How to lose weight and get healthy for the new year: A City worker’s guide

Sarah Spickernell
Follow Sarah
If you're used to drinking one coffee each day, you should carry on that way (Source: Getty)

Indulging a little more over the Christmas period is to be expected – with so many mince pies and other tasty treats around, it would be difficult not to.

And it’s not just the food that leads to a slightly sluggish feeling after the festive season. It’s also the booze, the parties and all the lounging around.

For many, January marks a time to cut back on this unhealthy lifestyle – it’s a time for losing weight and becoming healthier.

But the fast pace of the City and the intensity of the work mean energy levels must be kept up, so minimising food intake is not an option.

Here is the City worker’s guide to becoming fit again in the new year.


Whether it’s what you eat, when you exercise or when you go to bed, sticking to a routine is essential for optimum health and alertness.

If you’re used to drinking a coffee each morning, for example, you should stick to this and try to do it at the same time each day – don’t drink more and don’t drink less. Disrupting the body’s rhythm can lead to migraines, sleep problems and in extreme cases even depression.

If you find yourself feeling particularly tired in the morning, this could also be because your body clock is out of sync – too much variation in the time you go to bed can confuse it and make you feel groggy when you’re supposed to be wide awake.

Try setting your alarm clock at the same time each day, and you’ll naturally end up feeling tired enough to go to bed at the same time each day, too.


Skipping meals might seem like an easy way to cut calories and get your weight down fast, but it can lead to more damage than good – to begin with, it disrupts the regularity of your digestive system (which prepares to deal with food at certain times of the day).

It also drains you of energy, so if you have something important to do, you won’t be able to do it properly – this can negatively affect your work performance. And if you end up feeling too hungry after skipping a meal, you might end up eating more than you would have if you had just had a small meal to begin with.

A better way to tackle eating is by minimising snacking, since it is through this that most excess calories are consumed.


When you’re working hard, it can become impossible to fit exercise in before or after work. Instead, you could try to going for a jog on the streets around your work during lunch – half an hour will do the trick, and your lunch at the other end will become so much more enjoyable.

As well as helping to keep weight down, running can provide a wide range of health benefits. To begin with, it has been proven many times that running releases endorphins and encourages long term happiness. This has obvious knock-on effects for both your personal and work life.

Other studies have shown that running can help prevent obesity, type 2 diabetes, heart disease, high blood pressure, stroke, some cancers, and a number of other unpleasant conditions.
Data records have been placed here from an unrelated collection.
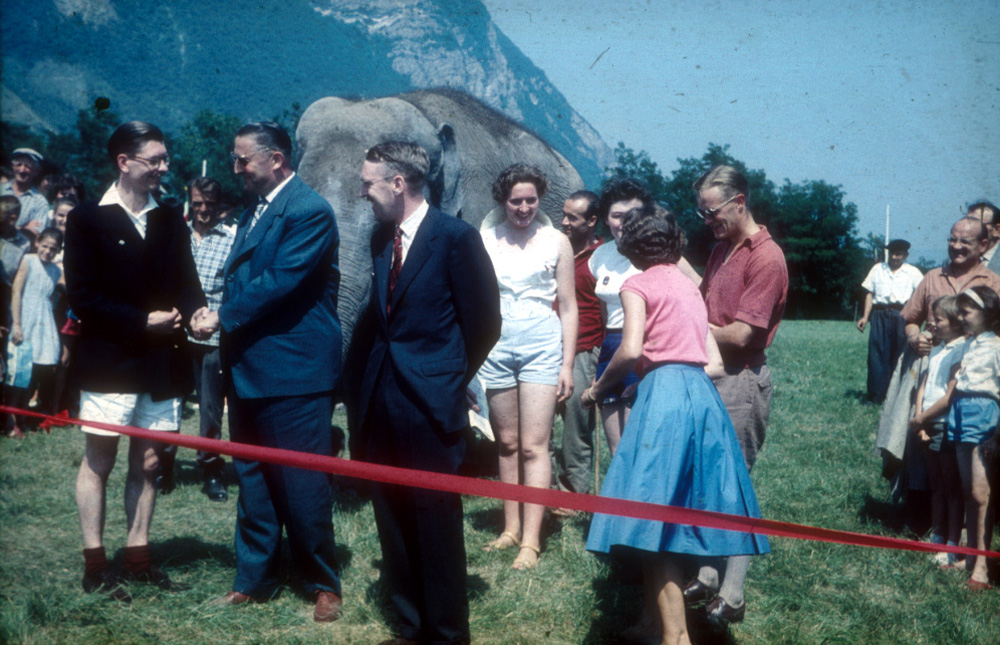 The mayor of Montmelion launching the expedition.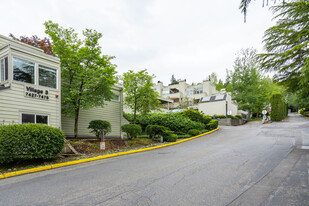 Gull-Val Condos in Redmond, WA - Foto de edificio - Building Photo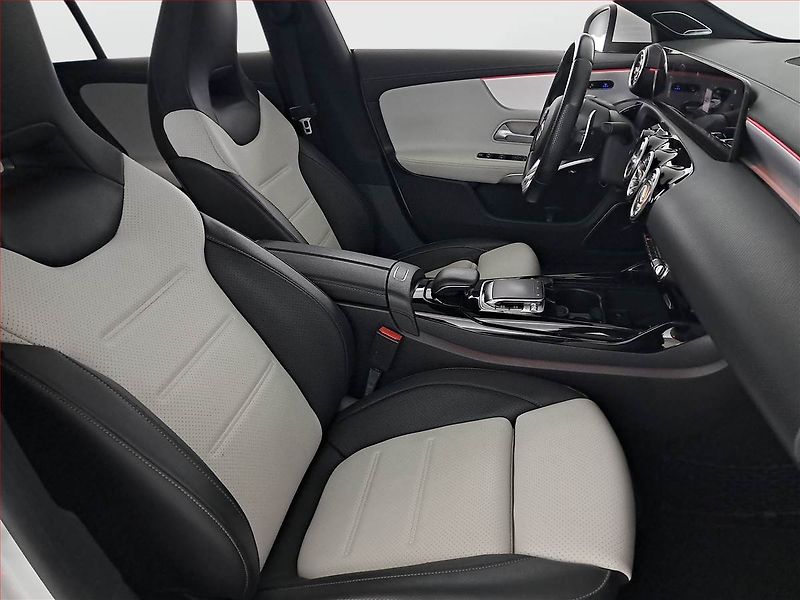 Mercedes-Benz CLA (2019) 35 AMG - fotka 9 z 20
Perhaps one of the lesser known benefits is that running wards off age-related mental decline. An experiment in 2012 looked at the effect of regular exercise on mental ability and revealed a clear trend: that physically fit adults scored better in mental tests than their unfit peers.


If you have a big appetite, try replacing the foods you would normally eat with lots of vegetables.
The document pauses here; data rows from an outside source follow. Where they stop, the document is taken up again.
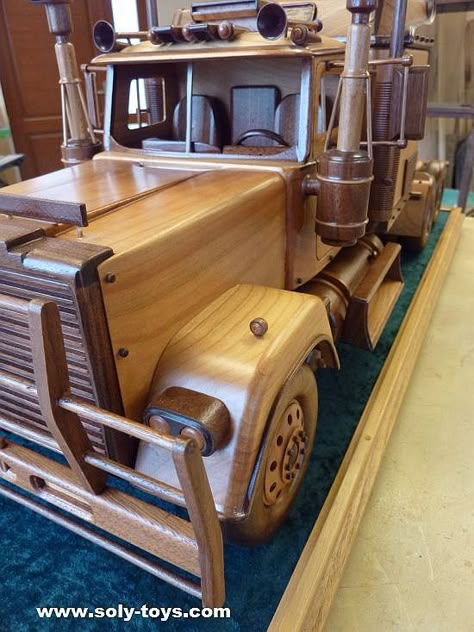 mack-trucks Wooden Trucks, Wooden Toy Trucks, Wooden Truck, Wooden Toy Cars, Wood Toys Plans, Wood Games, Wooden Toys Plans, Wood Model, Wooden Car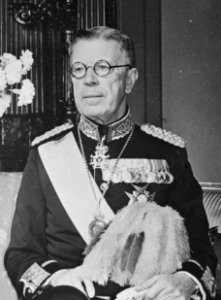 Portrait of Gustaf, King of Sweden, Bestanddeelnr 907-0653 (cropped 2)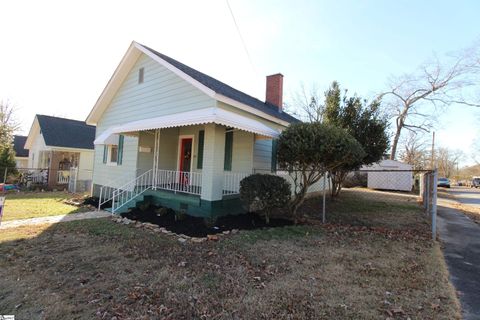 Photo of 426 Gentry Street, Spartanburg, SC 29303 (MLS # 1578300)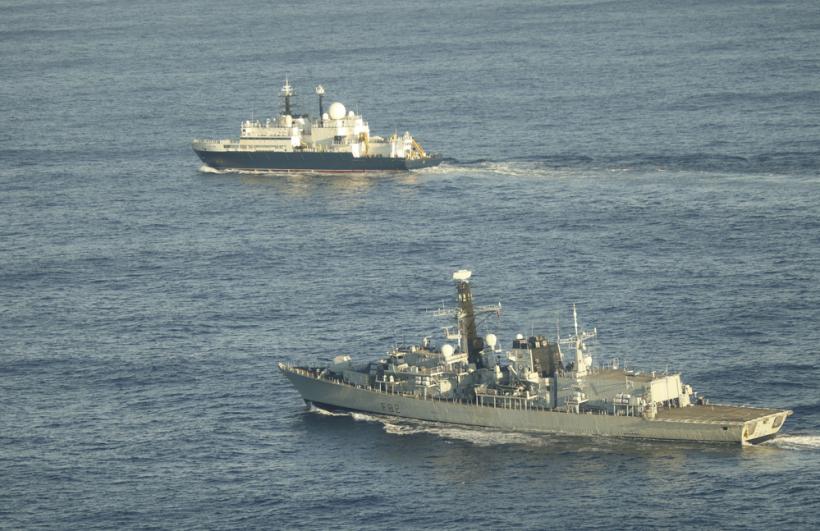 Doi membri din flota-fantomă a Rusiei au fost arestați preventiv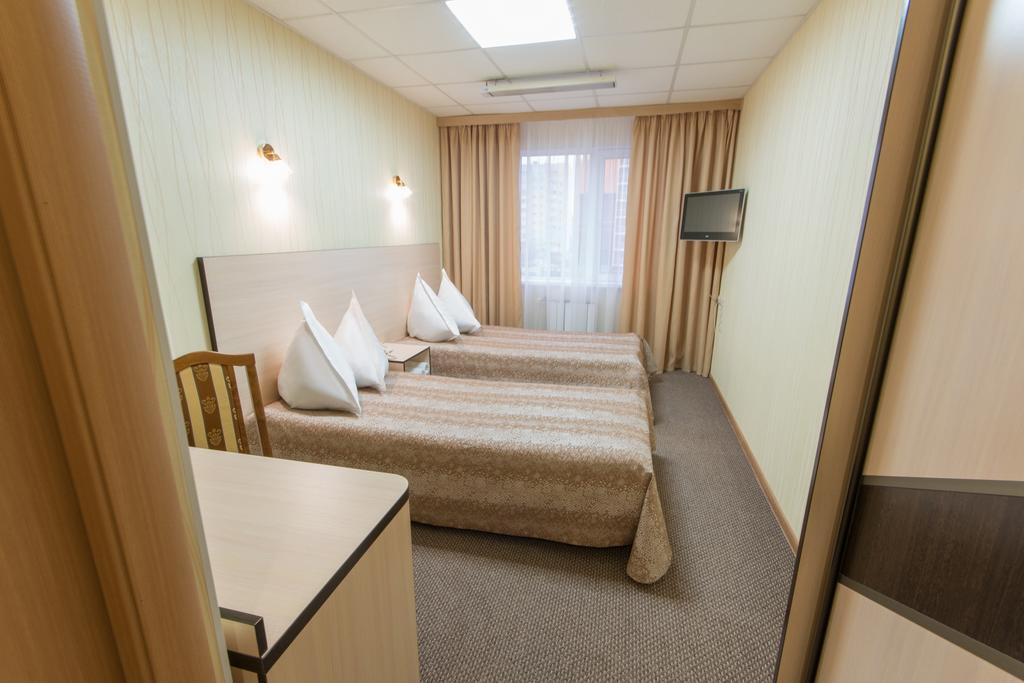 Cherniy Mys Hotel Surgut Quarto foto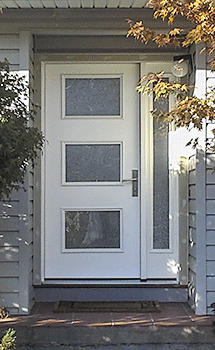 A Therma-Tru front entry door installed in this Oakland residence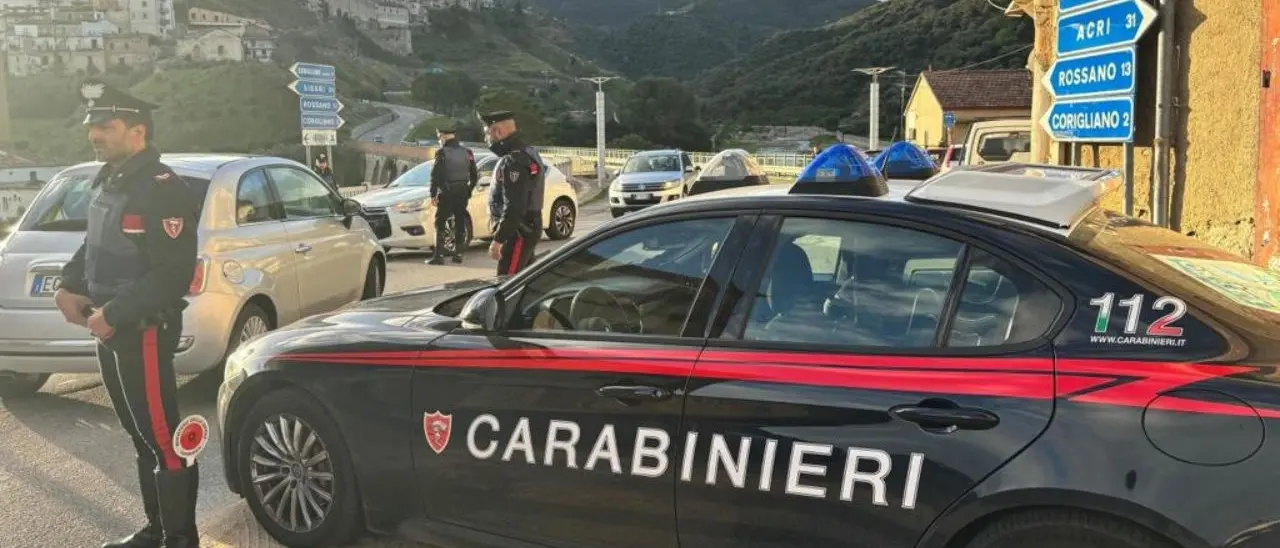 Tentata estorsione ai danni di quattro imprenditori: due arresti a Corigliano Rossano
Compared to most foods, they have a lot of fibre and micronutrients, as well as having less fat and sugar.

Try adding a large bowl of salad or steamed vegetables to every meal, and your stomach will not have as much room left over for the highly calorific foods.


When we stop, we think about food. It’s not when we are working hard to meet a deadline, or when we are in the middle of an important meeting that a hunger craving hits us – it’s during those quieter moments where the pressure is off.

Try to minimise free time at home when you have access to lots of calorific foods – stay busy, out and about in London. Work hard and make plans in the evening, whether to see friends, go to the gym or do some other hobby.